The system processes a story through these stages for each chapter:

1. Continuity Context Building

Before extraction, the system builds a context of known characters, relationships, and states from previous chapters (via ContinuityContextBuilder). This is injected into the LLM prompt so it respects established facts.

2. LLM Extraction

The chapter text is sent to an LLM with structured prompts requesting:

Characters: names, aliases, traits, emotions, states
Locations: names, containment hierarchy
Items: names, carriers, lifecycle state
Events: agent, patient, action type, location, destination
Relationships: type, directionality, evidence

Extraction supports single-call or split extraction (Phase 2), which makes four independent LLM calls for characters/locations, items, relationships, and events, then merges the results.

3. Normalization Pipeline

The raw extraction is processed through multiple normalization phases:

Alias Resolution (AliasResolver): maps all entity references to canonical IDs with conflict detection and canonical promotion
Relationship Normalization (RelationshipNormalizer): validates types, expands group references, detects conflicts
Event Normalization (EventNormalizer): validates agents exist, generates event times, classifies item usage
Item Tracking (ItemTracker): classifies items as causal/latent/background, tracks lifecycle

4. ASP Fact Generation

The normalized extraction is converted to ASP facts (EventExecutor.to_asp()):

Entity declarations (character/1, location/1, item/1)
Alias mappings (alias/2)
State facts (is_dead/1, emotion/2, trait/2)
Event facts (event/6, event_order/2, event_time/2)
Relationship facts (relationship/4)
Presence facts (present/3, implied_present/3)
Cross-chapter persistent state facts
Implicit movement transitions (via MovementContinuityGuard)

The Active Universe optimization filters all facts to include only entities relevant to the current chapter, reducing ASP grounding time.

5. Clingo Evaluation

The ASP facts are combined with rule files and evaluated by Clingo:

Core rules (core.lp) are always loaded
Universal rules (rules/universal/) provide default detection
Story-specific rules are projected through the active universe filter
Violations are extracted as violation/N atoms and parsed into StructuredViolation objects

6. Post-Processing

Conflict Resolution: story-specific rules can override universal rules
State Update: the world state is updated with new facts from the chapter
Persistence: state is saved to disk for cross-session continuity

7. Final Analysis

After the last chapter, FinalAnalyzer performs story-wide analysis:

Rule audit: which rules fired, how often, which were overridden
Loose ends: unresolved Chekhov's Gun items, unused characters, dangling relationships
Long-range inconsistencies: violations spanning multiple chapters (e.g., repeated dead character acting)

Engine

The engine/ package is the Python orchestration layer.
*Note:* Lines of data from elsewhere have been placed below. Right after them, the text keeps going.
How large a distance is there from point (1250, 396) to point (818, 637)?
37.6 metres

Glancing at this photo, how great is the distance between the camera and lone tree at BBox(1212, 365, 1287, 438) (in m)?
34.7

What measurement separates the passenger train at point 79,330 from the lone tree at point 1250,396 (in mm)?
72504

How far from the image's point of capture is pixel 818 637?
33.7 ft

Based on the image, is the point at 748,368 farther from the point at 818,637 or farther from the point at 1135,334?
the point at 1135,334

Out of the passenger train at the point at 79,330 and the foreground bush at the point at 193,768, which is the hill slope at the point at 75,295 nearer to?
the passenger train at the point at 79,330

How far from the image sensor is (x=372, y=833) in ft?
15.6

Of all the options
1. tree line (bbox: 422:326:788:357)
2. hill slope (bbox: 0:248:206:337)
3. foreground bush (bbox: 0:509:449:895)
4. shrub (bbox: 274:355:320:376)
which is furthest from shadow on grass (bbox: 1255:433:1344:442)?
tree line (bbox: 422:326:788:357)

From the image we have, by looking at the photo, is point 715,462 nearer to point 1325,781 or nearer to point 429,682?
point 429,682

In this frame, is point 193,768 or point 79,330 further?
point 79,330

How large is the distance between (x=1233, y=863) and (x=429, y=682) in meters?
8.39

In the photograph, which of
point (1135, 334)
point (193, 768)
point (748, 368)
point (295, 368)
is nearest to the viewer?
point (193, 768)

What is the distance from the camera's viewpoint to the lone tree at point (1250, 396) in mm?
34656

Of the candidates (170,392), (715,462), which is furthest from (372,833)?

All modules are imported through engine/__init__.py (version 0.9.9, Phase 8.11.2).

State Management

state_manager.py — Central world state management maintaining the Logic Knowledge Graph (LKG).

Class	Purpose
`Entity`	Represents a character, location, or item with traits, state, emotion, aliases
`Relation`	Time-indexed relation (`present`, `carries`, `relationship`)
`StoryRule`	Story-specific rules (relationship, trait, location, possession, temporal)
`WorldState`	Snapshot at a timestep; contains entities, relations, derived facts. Has `to_asp_facts()`
`StateManager`	Main class: `add_entity()`, `mark_dead()`, `set_emotion()`, `advance_time()`, `get_asp_facts_for_clingo()`, `save()`/`load()`

Key design: only current state in memory (no historical snapshots). Delegates entity storage to EntityRegistry.

Event Evaluation

event_executor.py — The core evaluation engine converting structured data to ASP facts and invoking Clingo.

Class	Purpose
`ViolationSeverity`	Enum: `HARD`, `SOFT`, `WARNING`
`Provenance`	Tracks how conclusions were reached (rule ID, layer, chapter)
`StructuredViolation`	Violation output with rule, category, type, entities, severity, provenance
`ChapterEvaluationResult`	Complete chapter result with violations, state changes, ASP facts
`Event`	State transition event with agent, patient, location, destination
`EventExecutor`	Main class: `to_asp()`, `check_with_clingo()`, `evaluate_chapter_structured()`

Three evaluation modes:

evaluate_chapter() — legacy mode
evaluate_chapter_structured() — batch Clingo evaluation (primary)
evaluate_chapter_sequential() — per-event sequential evaluation

Entity & Alias Resolution

alias_resolver.py — Ensures consistent entity identity across chapters.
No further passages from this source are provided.